The Hasty Pudding named actor Bryce Dallas Howard as their 68th Woman of the Year. Howard paraded down Massachusetts Avenue Thursday alongside the Pudding's first mixed-gender cast since it began putting on an annual production in 1844.
The Hasty Pudding named actor Bryce Dallas Howard as their 68th Woman of the Year. Howard paraded down Massachusetts Avenue Thursday alongside the Pudding's first mixed-gender cast since it began putting on an annual production in 1844. By Quinn G. Perini
By Isabel L. Isselbacher, Crimson Staff Writer

Keeping with decades of tradition, the Hasty Pudding paraded, roasted, and honored Bryce Dallas Howard, its 2019 Woman of the Year, Thursday afternoon.

But for the first time in the group’s history, six women stood among the colorfully costumed Hasty Pudding Theatricals performers as they — and Howard — made their way down Massachusetts Avenue and into Farkas Hall.

The theater troupe made headlines at last year’s festivities when it announced that it would begin accepting women into its cast. Since 1844, the Hasty Pudding Theatricals has put on a drag show every year with only male actors. Women were allowed to hold positions on the group’s business, tech, and design boards, but until this year were never given the opportunity to perform onstage.

Asked for her thoughts on the historic nature of this year’s co-ed production at a press conference Thursday, Howard said, “It’s about time.”

“I’m really, really grateful to be here, in general, and especially this year — it’s a huge honor,” she said.
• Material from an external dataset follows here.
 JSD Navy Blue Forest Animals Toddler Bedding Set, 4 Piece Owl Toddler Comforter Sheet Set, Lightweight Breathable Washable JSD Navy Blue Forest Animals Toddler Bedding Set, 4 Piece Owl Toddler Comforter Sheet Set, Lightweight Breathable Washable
The events kicked off with a parade that wound its way through the streets around Harvard Square. Undeterred by the 14 degree cold, the lively procession featured Howard waving and smiling atop a Black Bentley, flanked by Hasty Pudding President Grace C. Ramsey ’19 and Cast Vice President David J. Lynch ’20. Pudding members dressed in eccentric attire — including a Shakespearean doublet, a cactus suit, and an inflatable dinosaur costume — danced alongside the car.

Parade onlooker John L. Nugent ’21 called the parade “amazing” and said he is glad “we’re celebrating talented and accomplished women.”

Preceding the roast in Farkas Hall, Chairman of the Hasty Pudding Institute Andrew L. Farkas ’82 made a short speech reflecting on the historic nature of the occasion.

“How fun to be here on what is the most important day, perhaps, of our 200-year history,” he said. “I want to congratulate all 200 years, all the alunni members of this organization — alive, past, and all those to come — for having done what it is that every organization should do, which is welcoming women into our cast and turning the entirety of Hasty Pudding 100 percent co-ed.”

Following Farkas’s introduction, Ramsey and Lynch led the celebratory roast of Howard. Before receiving the Pudding Pot — the award given to the organization’s Woman of the Year and Man of the Year honorees — the actress was made to face off against a dinosaur in a game of basketball, produce fake tears before the audience, and pie a student in the face.

At the conclusion of the roast, Howard joked, “For some of probably the smartest people on the planet, [Harvard students] are totally bananas.”

“I’ll never forget this for as long as I live — and please accept my children into Harvard,” she added, to laughter from the audience.